Karena desakan kebutuhan dengan makin banyaknya perusahaan yang didirikan di Indonesia seperti perkebunan-perkebunan (ondememing), pada tahun 1925 ditetapkanlah Ordonasi pajak perseroan tahun 1925 (Ordonantie op de Vennootschapbelasting) yakni pajak yang dikenakan tethadap laba perseroan, yang terkenal dengan nama PPs (Pajak Perseroan). Ordonansi ini telah mengalami beberapa kali perubahan dan penyempurnaan antara lain dengan Undang-Undang Nomor 8 Tahun 1970 tentang Perubahan dan Penyempurnaan Tatacara Pemungutan Pajak Pendapatan 1944, Pajak Kekayaan 1932 dan Pajak Perseroan tahun 1925 yang dalam praktck lebih dikenal dengan UU MPO dan MPS. Perubahan penting lainnya adalah dengan UU No. 8 tahun 1970 dimana fungsi pajak mengatur/regulerend dimasukkan ke dalam Ordonansi PPs 1925., khususnya tentang ketentuan cuti pajak (tax holiday).

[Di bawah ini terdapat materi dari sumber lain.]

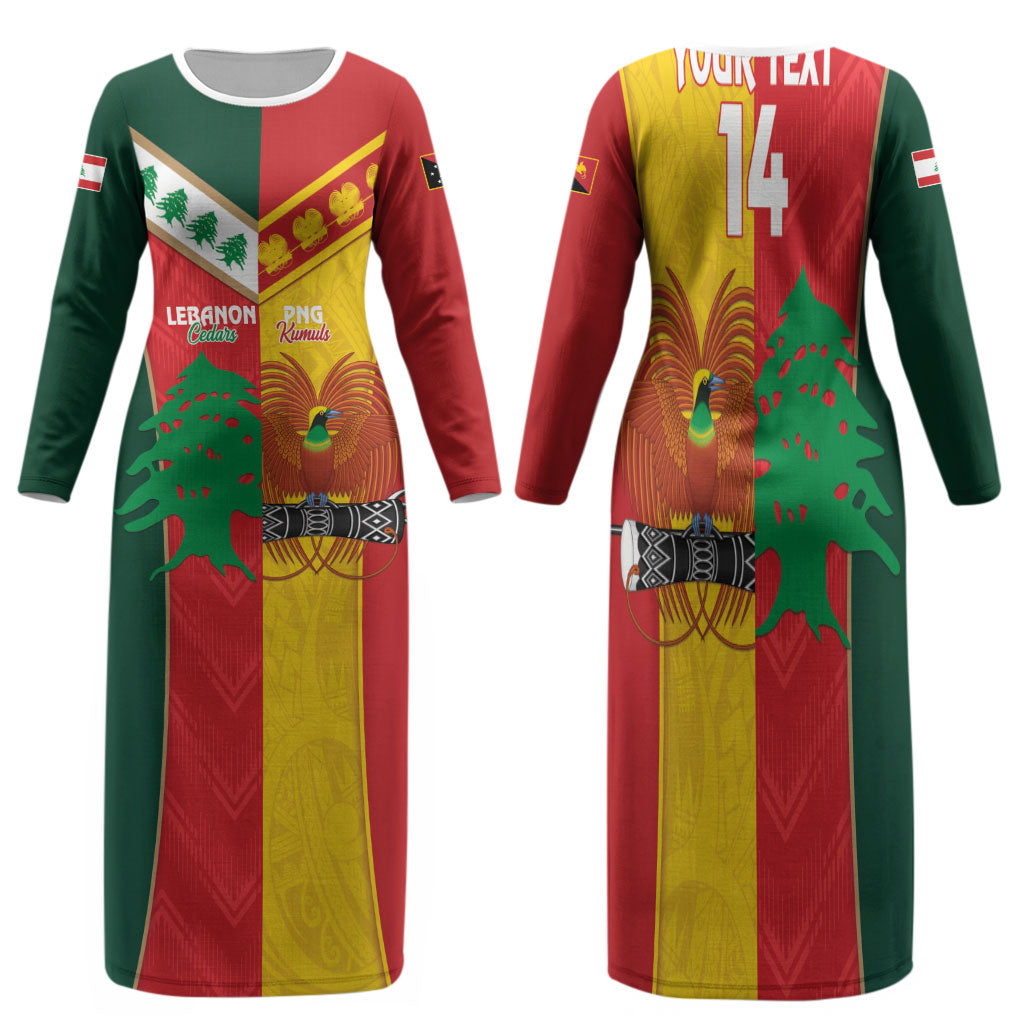 Custom Rugby Papua New Guinea and Lebanon Family Matching Long Sleeve Bodycon Dress and Hawaiian Shirt PNG Kumuls Cedars Together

     Ordonasi PPs 1925 berlaku sampai dengan tanggal 31 Desember 1983, yakni pada saat diadakannya reformasi pajak, Pada awal tahun 1925-an yakni dengan mulai berlakunya Ordonansi Pajak Perseroan 1925 dan dengan perkembangan pajak pendapatan di Negeri Belanda, maka timbul kebutuhan untuk merevisi Ordonansi Pajak Pendapatan 1920, yakni dengan ditetapkannnya Ordonasi Pajak Pendapatan tahun 1932 (Ordonantie op de Incomstenbelasting 1932, Staatsblad 1932, No.111) yang dikenakan kepada orang pribadi (Personal Income Tax). Asas-asas pajak penghasilan telah diterapkan kepada penduduk Indonesia; kepada bukan penduduk Indonesia hanya dikenakan pajak atas penghasilan yang dihasilkannnya di Indonesia; Ordonansi ini juga telah mengenal asas sumber dan asas domisili.
     Dengan makin banyak perusahaan-perusahaan di Indonesia, maka kebutuhan akan mengenakan pajak terhadap pendapatan karyawan perusahaan muncul. Maka pada tahun 1935 ditetapkanlah Ordonansi Pajak Pajak Upah (loonbelasting) yang memberi kewajiban kepada majikan untuk memotong Pajak Upah/gaji pegawai yang mempunyai tarif progresif dari 0% sampai dengan 15%. Pada zaman Perang Dunia II diberlakukan Oorlogsbelasting (Pajak perang) menggantikan ordonansi yang ada dan pada tahun 1946 diganti dengan nama Overgangsbelasting (Pajak Peralihan). Dengan Undang-Undang Nomor 21 Tahun 1957 nama Pajak Peralihan diganti dengan nama Pajak Pendapatan tahun 1944 yang disingkat dengan Ord. PPd. 1944. Pajak Pendapatan sendiri disingkat dengan PPd. saja.
     Ord. PPd. 1944 setelah beberapa kali mengalami perubahan terutama dengan perubahan tahun 1968 yakni dengan adanya UU No. 8 tahun 1968 tentang Perubahan dan Penyempurnaan Tatacara Pemungutan Pajak Pendapatan 1944, Pajak Kekayaan 1932 dan Pajak Perseroan 1925, yang lebih terkenal dengan "UU MPO dan MPS". Perubahan lainnya adalah dengan UU No. 9 tahun 1970 yang berlaku sampai dengan tanggal 31 Desember 1983, yakni dengan diadakannya reformasi pajak di Indonesia.